Newly elected Congress president Rahul Gandhi is looking at a two-pronged strategy—appoint more young people in key positions of the party and reach out to young voters ahead of crucial state elections over the next one year, preceding the 2019 general election.
While the task is cut out—Gandhi himself spoke about it in his first speech after taking over the top post—challenges abound.
To begin with, the party has often faced a clash between the old guard and young blood, which led to factionalism in several of its state units. While Gandhi had been making changes in the party organization in the run-up to his elevation on 11 December, party leaders say the exercise could now become more focused.
“In the past few decades, we have been relying heavily on two-three powerful leaders in the states. This led to factionalism as an individual’s merits made way for personal loyalty. It affected our connect with the grassroots, to the electorate and at times with our own cadres. The focus on merit and talent has to come back and getting younger people would be a step forward in breaking those silos,” a general secretary of the party said, requesting anonymity.
Fresh from giving the ruling Bharatiya Janata Party (BJP) a tough contest in the recent Gujarat assembly elections, Congress is keen on maintaining the momentum in the coming months. Over the next one year, Congress and BJP will face off in assembly elections in Karnataka, Rajasthan, Madhya Pradesh and Chhattisgarh. Congress is currently in power only in Karnataka; the BJP is the incumbent in the other three states.
“The change in the party is going to be a gradual one. When we say that the party is going to have a youth focus, it does not mean that one will happen at the cost of the other. For instance, at least as of now there is no thought that a fraction of seats have to kept for younger leaders etc. The process has to be an organic one,” a senior leader associated with the party’s youth wing said, requesting anonymity.

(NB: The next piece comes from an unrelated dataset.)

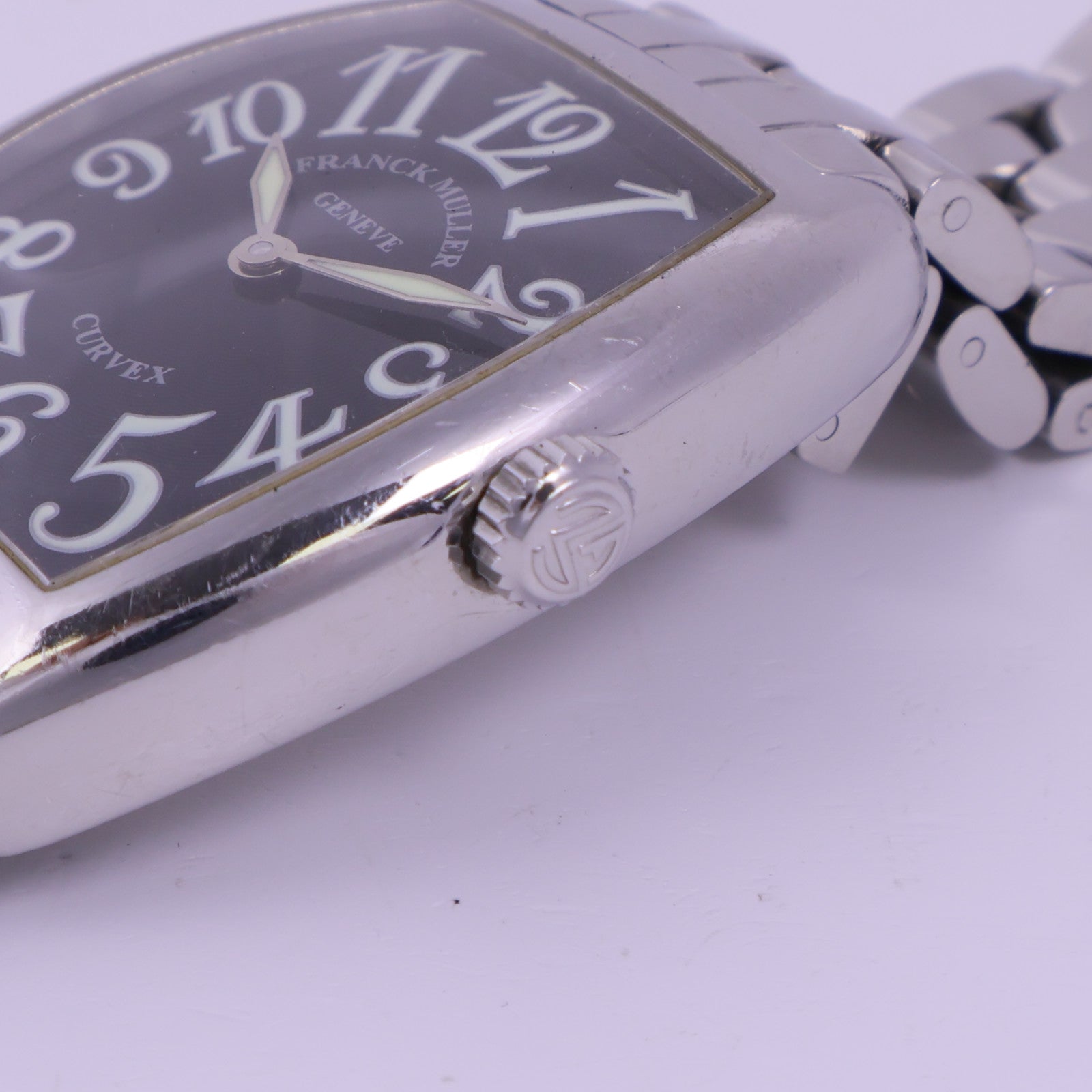 FRANCK MULLER Curvex 7502QZ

Political analysts say the process of getting more young leaders on board and focusing on the youth—people in the 18-35 year age group make up 31.3% of the population of India, according to Census 2011—will not be easy.
“This is going to be a big challenge for him. He will have to do it very subtly. And I do not think he will do it either very publicly or in haste. But the problem is also that he has to ready the party ahead of 2019 and there is not much time left in that sense,” said Sanjay Kumar, a New Delhi-based political analyst and director of the Centre for the Study of Developing Societies (CSDS).
“I feel if the entire party structure is changed and transforms it into a young brigade—that comes with its own set of problems. Whether you make a young leader a party chief in state or a chief ministerial candidate, age alone does not ensure winnability. It requires a lot of backroom work and strategizing, something for which the old guard will be needed,” the analyst added.
As the party celebrates its 133rd Foundation Day on Thursday, Gandhi will hoist the ceremonial party flag in the morning at the Congress’s headquarters, 24 Akbar Road—the first time he will do so after becoming party president.